Qui suis-je, ainsi, au regard des lectures essentielles qui m’ont constituée (Robbe-Grillet, Genet, Giono, Colette…), comme des êtres qui ont fait de ma vie ce qu’elle est, dans son écriture même ? On retrouve là la constance d’un je, explicite ou affleurant, dissimulé au besoin sous la troisième personne mais sensible en permanence dans des textes divers, parfois ouvertement autobiographiques et souvent consacrés à un auteur aimé, où une même voix, singulièrement timbrée, assure une évidente cohérence à travers des titres eux-mêmes éloquents : Mon grand écrivain, Un peu de vie dans la mienne, La Tête haute, Apparitions de Jean Genet, Le Garçon de mon père…
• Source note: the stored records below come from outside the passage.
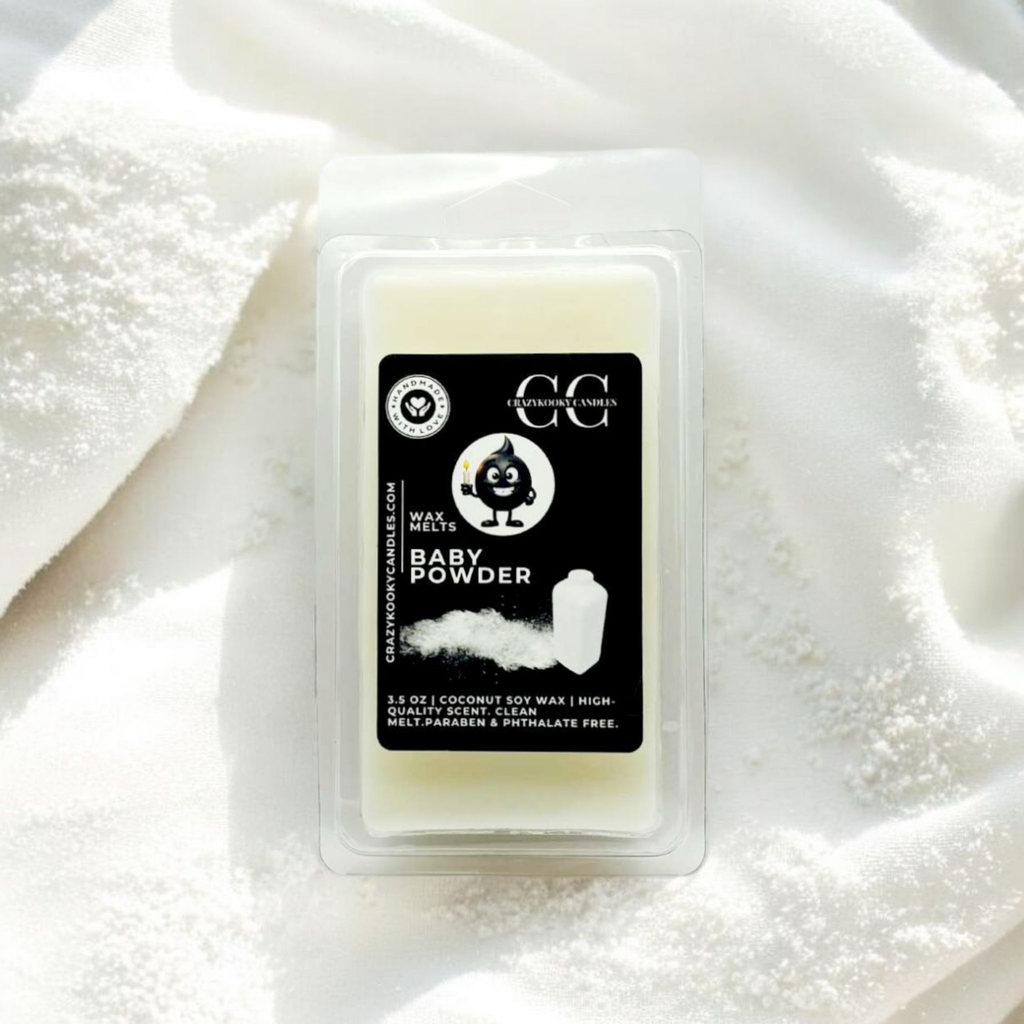 BABY POWDER - Wax Melts, Scented Coconut Soy, 3.5oz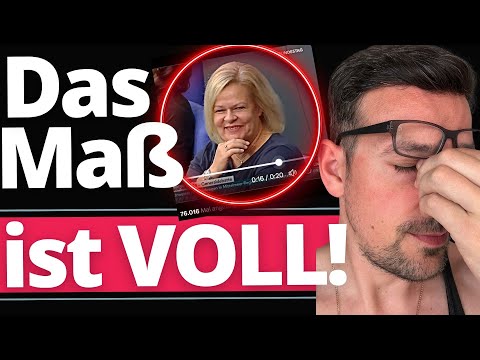 Nancy Faeser Skandal wird immer schlimmer!!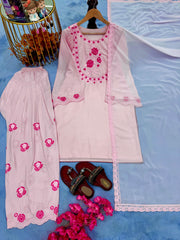 Light Pink Full Pair Top With Palazzo
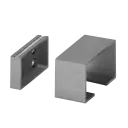 Embase murale pour tube à fond de gorge; 166545-654-18; 65x40x1,5 mm, aluminium, aspect inox brossé, anod.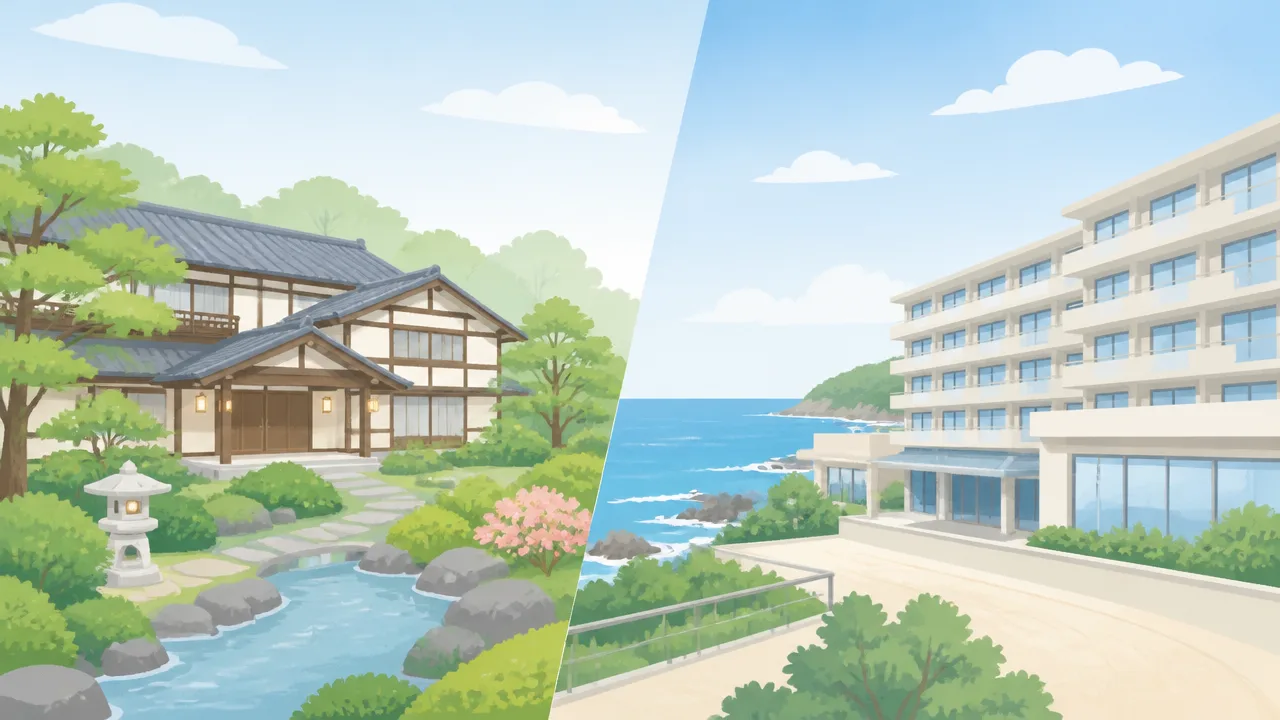 五浦観光ホテル 本館と別館の違いは？客室・温泉・食事を比較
Aucun respect marque à l’évidence une étape supplémentaire dans ce parcours, qui en fait aujourd’hui l’un des livres les plus en vue de la rituelle « rentrée littéraire » d’automne. Emmanuelle Lambert y raconte en effet, sur le mode du roman d’initiation, autofictionnel et ironique, une histoire de femme très personnelle, mais aussi un moment de l’histoire des femmes en général, et plus simplement une séquence de notre histoire commune à tous.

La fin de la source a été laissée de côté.